Records for processing:
•••

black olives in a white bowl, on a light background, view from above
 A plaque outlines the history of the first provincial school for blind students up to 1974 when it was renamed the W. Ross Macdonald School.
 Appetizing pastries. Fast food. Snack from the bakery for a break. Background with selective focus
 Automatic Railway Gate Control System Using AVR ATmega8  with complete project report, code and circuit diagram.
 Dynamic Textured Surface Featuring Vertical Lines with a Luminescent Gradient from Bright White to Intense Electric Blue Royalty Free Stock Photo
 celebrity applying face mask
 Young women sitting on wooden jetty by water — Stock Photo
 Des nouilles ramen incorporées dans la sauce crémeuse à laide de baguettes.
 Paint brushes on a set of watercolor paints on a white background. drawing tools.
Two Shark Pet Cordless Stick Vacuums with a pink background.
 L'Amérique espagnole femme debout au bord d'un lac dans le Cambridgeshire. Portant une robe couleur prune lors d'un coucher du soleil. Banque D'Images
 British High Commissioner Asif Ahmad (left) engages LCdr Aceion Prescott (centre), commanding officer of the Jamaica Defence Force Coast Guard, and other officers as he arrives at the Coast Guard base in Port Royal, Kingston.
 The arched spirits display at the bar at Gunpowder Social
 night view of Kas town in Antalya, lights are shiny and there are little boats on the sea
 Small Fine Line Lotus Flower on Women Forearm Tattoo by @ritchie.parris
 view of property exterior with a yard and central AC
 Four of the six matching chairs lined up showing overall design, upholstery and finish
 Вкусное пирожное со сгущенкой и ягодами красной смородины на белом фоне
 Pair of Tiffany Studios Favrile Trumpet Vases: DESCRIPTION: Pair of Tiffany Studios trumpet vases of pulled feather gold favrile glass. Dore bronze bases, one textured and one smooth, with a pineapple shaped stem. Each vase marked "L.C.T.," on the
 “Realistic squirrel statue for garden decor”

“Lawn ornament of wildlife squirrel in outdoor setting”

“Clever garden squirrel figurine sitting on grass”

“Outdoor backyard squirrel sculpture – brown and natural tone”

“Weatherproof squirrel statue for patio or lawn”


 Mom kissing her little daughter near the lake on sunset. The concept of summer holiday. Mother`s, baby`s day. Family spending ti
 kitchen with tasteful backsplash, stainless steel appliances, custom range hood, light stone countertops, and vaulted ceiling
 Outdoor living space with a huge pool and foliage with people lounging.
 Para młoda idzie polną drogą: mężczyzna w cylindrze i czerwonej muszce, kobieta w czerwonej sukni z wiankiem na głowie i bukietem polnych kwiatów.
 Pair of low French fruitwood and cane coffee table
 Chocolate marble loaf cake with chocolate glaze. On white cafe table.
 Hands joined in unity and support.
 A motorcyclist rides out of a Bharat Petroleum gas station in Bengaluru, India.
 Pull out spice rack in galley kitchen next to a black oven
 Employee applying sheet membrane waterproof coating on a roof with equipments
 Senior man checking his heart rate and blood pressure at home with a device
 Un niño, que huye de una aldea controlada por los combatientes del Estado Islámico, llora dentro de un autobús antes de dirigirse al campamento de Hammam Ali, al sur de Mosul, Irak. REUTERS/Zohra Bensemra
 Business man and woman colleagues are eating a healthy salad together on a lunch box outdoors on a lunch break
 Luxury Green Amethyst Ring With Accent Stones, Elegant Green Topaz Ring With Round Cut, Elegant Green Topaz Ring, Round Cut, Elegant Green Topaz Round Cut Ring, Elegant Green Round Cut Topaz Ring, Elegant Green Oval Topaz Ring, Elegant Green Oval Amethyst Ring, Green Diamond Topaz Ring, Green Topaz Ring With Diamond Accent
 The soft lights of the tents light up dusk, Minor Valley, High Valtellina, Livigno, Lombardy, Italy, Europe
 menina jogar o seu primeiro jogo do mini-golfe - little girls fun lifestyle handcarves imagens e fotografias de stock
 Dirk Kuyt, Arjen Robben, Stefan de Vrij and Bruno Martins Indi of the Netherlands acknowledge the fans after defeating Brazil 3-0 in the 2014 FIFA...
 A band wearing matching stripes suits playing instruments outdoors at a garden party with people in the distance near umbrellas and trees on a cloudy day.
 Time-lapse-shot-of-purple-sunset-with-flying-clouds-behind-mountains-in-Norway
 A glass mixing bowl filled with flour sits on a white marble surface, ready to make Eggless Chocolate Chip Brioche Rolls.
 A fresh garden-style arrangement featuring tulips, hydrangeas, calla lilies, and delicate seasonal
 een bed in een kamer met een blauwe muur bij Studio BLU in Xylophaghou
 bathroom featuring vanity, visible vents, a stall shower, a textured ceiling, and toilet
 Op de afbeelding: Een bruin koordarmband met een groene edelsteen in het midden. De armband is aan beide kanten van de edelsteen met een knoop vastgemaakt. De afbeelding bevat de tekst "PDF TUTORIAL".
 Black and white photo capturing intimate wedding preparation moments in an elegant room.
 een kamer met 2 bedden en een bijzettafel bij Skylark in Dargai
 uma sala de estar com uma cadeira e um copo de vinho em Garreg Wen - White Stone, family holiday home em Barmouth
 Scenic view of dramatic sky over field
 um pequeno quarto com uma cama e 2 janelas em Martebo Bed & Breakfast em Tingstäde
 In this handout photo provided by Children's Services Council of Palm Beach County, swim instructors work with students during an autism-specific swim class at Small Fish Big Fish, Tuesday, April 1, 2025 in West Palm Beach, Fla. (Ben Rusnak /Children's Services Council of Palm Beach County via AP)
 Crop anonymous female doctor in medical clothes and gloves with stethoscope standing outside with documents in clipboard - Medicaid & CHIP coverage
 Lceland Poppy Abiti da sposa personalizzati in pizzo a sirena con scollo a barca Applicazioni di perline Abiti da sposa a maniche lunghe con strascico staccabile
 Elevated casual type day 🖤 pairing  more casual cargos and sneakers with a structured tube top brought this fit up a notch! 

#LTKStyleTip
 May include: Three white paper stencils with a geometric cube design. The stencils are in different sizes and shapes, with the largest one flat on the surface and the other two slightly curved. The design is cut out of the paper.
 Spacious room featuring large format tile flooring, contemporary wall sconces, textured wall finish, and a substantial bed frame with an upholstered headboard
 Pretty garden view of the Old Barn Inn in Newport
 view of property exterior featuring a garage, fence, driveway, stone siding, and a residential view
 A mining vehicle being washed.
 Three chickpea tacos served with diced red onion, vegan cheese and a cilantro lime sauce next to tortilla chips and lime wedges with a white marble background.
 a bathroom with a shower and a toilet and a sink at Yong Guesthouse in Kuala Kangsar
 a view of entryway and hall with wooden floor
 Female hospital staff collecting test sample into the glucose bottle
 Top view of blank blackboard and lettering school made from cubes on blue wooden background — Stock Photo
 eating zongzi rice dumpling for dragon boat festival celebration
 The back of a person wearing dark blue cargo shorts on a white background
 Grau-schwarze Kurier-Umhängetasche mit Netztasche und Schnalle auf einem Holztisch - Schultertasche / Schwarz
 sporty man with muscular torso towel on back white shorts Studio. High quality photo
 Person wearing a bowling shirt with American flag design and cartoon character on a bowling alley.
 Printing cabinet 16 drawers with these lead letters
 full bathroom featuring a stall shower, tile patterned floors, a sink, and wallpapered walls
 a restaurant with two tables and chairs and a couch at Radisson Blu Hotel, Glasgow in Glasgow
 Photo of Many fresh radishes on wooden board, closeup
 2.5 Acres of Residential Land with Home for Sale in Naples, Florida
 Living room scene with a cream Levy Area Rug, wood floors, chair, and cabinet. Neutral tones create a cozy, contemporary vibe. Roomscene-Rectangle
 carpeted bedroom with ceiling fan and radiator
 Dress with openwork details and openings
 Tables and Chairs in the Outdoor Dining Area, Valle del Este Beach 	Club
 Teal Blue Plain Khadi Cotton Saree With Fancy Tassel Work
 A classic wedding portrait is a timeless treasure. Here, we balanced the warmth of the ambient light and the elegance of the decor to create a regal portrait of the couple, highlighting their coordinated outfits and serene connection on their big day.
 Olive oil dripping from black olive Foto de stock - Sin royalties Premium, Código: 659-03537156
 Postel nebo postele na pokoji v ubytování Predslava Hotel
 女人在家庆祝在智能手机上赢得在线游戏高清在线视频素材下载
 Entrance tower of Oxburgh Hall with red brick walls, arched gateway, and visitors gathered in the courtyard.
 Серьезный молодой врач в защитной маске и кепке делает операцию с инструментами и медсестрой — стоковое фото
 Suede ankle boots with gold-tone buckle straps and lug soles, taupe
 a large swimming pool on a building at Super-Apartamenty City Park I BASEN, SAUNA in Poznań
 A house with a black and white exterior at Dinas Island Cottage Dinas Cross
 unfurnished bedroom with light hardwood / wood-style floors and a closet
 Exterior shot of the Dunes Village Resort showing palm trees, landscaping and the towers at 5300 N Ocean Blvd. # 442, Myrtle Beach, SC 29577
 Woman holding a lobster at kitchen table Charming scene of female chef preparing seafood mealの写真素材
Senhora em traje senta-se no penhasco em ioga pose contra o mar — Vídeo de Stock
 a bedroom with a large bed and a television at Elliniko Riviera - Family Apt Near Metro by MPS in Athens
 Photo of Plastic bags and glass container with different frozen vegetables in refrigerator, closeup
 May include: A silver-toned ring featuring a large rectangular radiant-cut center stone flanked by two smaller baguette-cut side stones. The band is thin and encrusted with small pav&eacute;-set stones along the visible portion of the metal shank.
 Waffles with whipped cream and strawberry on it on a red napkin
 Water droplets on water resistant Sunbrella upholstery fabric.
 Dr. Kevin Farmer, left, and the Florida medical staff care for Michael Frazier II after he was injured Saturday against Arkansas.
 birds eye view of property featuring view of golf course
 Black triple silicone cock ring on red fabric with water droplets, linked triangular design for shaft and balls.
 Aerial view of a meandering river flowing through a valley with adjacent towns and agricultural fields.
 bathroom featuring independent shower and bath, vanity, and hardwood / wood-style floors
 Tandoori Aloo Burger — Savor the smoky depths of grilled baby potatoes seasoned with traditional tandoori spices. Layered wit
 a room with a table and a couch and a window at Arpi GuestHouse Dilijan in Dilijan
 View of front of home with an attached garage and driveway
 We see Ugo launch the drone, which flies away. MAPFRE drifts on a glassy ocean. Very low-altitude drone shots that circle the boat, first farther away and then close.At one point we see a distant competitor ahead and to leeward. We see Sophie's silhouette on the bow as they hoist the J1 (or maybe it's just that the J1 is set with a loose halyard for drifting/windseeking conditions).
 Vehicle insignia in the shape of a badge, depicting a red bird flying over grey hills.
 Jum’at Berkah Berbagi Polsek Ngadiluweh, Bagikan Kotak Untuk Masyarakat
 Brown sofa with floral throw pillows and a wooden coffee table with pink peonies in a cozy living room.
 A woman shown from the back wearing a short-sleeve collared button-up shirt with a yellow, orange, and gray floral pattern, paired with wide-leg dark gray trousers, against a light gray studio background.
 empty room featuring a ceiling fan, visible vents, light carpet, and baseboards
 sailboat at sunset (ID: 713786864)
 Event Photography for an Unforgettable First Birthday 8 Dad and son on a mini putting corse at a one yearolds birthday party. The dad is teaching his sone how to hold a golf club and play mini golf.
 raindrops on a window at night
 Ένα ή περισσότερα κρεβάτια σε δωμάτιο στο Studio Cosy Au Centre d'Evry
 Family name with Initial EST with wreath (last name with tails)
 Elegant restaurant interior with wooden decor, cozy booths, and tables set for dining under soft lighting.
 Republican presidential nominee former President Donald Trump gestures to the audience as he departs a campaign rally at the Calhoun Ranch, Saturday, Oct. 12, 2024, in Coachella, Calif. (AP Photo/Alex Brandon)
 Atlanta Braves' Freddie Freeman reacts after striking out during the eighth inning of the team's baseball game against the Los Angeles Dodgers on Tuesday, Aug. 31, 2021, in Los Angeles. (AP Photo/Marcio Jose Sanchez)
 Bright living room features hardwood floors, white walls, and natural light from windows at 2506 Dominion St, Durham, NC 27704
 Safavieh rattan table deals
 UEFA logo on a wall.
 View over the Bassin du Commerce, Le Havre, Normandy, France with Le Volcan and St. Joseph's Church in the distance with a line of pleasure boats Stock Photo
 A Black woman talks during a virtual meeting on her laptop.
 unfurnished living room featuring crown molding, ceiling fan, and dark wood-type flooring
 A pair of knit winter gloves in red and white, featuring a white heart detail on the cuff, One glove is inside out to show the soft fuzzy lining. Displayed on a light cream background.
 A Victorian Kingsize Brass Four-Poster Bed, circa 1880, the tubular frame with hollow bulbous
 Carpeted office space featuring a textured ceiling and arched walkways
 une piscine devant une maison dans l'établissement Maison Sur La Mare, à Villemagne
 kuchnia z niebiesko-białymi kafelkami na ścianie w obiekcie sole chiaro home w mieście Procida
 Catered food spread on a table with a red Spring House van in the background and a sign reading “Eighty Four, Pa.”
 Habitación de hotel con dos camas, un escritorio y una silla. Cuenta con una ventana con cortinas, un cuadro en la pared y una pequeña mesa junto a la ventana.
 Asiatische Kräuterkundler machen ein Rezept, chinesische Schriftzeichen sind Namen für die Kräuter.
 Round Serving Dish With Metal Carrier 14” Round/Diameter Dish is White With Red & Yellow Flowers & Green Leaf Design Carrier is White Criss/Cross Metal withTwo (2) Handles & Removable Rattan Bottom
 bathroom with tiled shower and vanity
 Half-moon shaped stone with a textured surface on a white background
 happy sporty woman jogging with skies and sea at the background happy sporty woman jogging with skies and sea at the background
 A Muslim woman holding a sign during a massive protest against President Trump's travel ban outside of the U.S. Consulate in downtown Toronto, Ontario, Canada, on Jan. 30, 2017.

•••

Work to be completed:
Find the word "ceiling" in the entries above, then copy each line that holds it.

Answer to this task:
 kitchen with tasteful backsplash, stainless steel appliances, custom range hood, light stone countertops, and vaulted ceiling
 bathroom featuring vanity, visible vents, a stall shower, a textured ceiling, and toilet
 carpeted bedroom with ceiling fan and radiator
 empty room featuring a ceiling fan, visible vents, light carpet, and baseboards
 unfurnished living room featuring crown molding, ceiling fan, and dark wood-type flooring
 Carpeted office space featuring a textured ceiling and arched walkways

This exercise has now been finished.